Les savants, Qui font bâiller de pauvres gens Et dessécher de pauvres roses, Passent pour savoir toutes choses. Eh bien! (jugez d'après cela Du niveau de l'Académie) Je n'en sais pas un qui nous die Comment Léone se trouva Être, à seize ans, la plus jolie Des danseuses de ce temps-là. Pauvre fille de comédie! Dont nul n'a raconté la vie, Et qui peut-être ensorcela Plus d'un immortel qui l'oublie.

Mais, au fond, cela n'y fait rien; Le fait n'en est que plus notoire; Et, quant à moi, l'on peut m'en croire Je ne suis pas historien.

Or donc, mes belles demoiselles, S'il me faut faire le portrait De Léone, je vous dirai Que, si le bruit qui court est vrai, En la regardant les gazelles, Dont chacun vante les doux yeux, Se dépitaient à qui mieux mieux De voir qu'une simple mortelle Eût osé s'en procurer deux Dessinés d'après leur modèle.

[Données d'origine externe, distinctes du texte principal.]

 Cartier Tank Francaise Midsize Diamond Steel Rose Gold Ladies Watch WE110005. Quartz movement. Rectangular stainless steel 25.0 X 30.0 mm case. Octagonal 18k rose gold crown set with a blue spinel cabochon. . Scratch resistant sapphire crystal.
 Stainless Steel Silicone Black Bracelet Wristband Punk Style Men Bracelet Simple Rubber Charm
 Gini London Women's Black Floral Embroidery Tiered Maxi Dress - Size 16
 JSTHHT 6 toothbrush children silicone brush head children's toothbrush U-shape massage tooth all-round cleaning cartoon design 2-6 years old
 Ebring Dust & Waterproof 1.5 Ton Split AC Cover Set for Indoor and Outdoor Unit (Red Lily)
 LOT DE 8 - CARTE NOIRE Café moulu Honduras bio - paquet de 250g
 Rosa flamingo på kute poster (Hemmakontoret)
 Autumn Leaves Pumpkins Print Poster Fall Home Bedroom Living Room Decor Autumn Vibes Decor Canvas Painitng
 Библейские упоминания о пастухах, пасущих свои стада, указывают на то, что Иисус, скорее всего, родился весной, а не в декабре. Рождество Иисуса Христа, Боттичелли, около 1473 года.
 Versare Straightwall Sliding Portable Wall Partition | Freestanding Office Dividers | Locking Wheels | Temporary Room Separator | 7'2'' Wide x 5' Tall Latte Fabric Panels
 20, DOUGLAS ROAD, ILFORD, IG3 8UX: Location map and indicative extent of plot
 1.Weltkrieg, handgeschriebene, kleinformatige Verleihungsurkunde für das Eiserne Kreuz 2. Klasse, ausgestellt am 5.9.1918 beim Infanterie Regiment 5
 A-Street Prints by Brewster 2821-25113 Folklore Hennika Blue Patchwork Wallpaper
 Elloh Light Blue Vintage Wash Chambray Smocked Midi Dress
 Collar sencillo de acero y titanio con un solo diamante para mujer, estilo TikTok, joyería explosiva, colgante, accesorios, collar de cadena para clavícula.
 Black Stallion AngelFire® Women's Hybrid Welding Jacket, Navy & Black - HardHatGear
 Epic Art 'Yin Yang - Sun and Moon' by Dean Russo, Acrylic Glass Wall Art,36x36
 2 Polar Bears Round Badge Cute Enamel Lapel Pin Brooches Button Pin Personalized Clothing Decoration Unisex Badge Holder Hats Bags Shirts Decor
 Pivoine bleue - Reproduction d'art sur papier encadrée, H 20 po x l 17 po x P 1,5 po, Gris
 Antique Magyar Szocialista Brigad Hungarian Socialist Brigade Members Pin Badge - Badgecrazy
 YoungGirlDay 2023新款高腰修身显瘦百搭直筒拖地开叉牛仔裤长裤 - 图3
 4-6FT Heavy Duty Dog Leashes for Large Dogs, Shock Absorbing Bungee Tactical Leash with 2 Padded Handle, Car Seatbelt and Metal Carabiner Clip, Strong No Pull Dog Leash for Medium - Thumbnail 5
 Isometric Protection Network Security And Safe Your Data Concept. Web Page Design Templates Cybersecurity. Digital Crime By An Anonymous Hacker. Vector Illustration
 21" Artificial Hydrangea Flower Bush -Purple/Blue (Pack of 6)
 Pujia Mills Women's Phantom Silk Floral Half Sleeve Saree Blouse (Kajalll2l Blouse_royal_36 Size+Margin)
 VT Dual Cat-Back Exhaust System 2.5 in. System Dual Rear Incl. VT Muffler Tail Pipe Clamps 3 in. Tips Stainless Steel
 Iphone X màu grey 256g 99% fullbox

Avec ces yeux-là, vous pensez Que des cils bruns et retroussés Devaient aller le mieux du monde; Et les cheveux noirs abondants Montraient, sous leurs flots imprudents, L'oreille vierge de pendants.

Ajoutez que, sans être blonde, Elle avait, comme Ophélia, La pâleur d'un camellia, Qu'elle était petite et mutine, Avec de certains airs douteurs Et des sourires enchanteurs; Qu'elle avait la main blanche et fine, Le pied perdu dans la bottine, Et que sa lèvre de rubis, Constamment mouillée et vermeille Au milieu de ces tons pâlis, Rougissait comme une groseille Tombée au beau milieu d'un lis.

Pour compléter le paysage, Sachez encor que son corsage Renfermait une âme de prix. De plus, ainsi que c'est l'usage Dans les théâtres de Paris, Étant jolie, elle était sage.

Ainsi fut et non autrement L'héroïne de ce roman, Qui n'eut jamais qu'un seul amant.